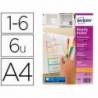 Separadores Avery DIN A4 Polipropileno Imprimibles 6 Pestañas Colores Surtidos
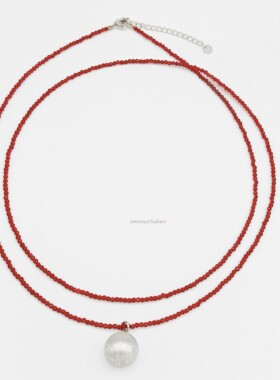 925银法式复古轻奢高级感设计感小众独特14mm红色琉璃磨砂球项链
--
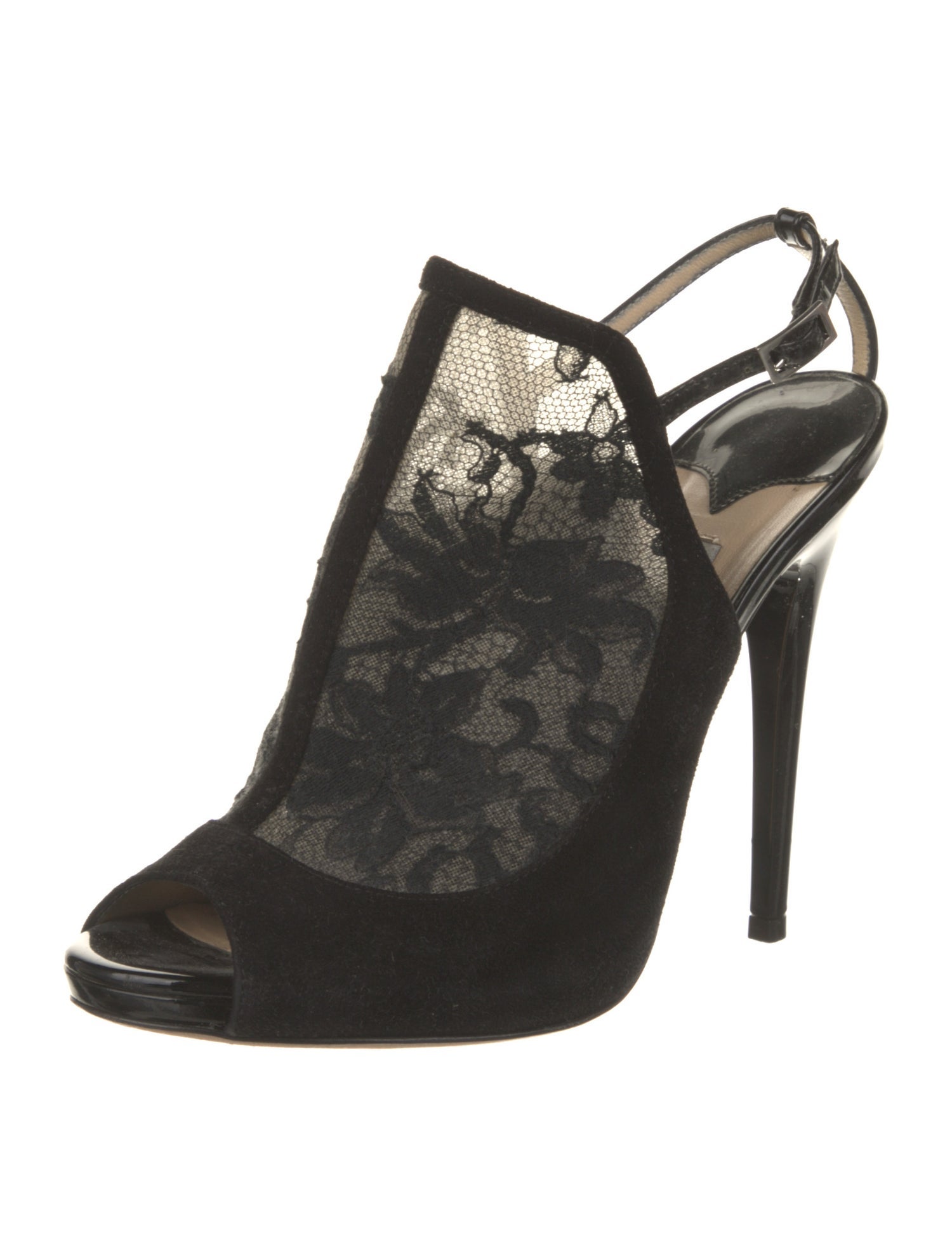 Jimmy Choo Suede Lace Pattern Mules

#### [Description of the task]
Go to the line above that contains "Separadores Avery DIN" and reproduce everything exactly from there through the line that contains "925银法式复古轻奢高级感设计感小众独特14mm红色琉璃磨砂球项链", leaving out the pictures.

#### [Answer to the problem]
 Separadores Avery DIN A4 Polipropileno Imprimibles 6 Pestañas Colores Surtidos
 925银法式复古轻奢高级感设计感小众独特14mm红色琉璃磨砂球项链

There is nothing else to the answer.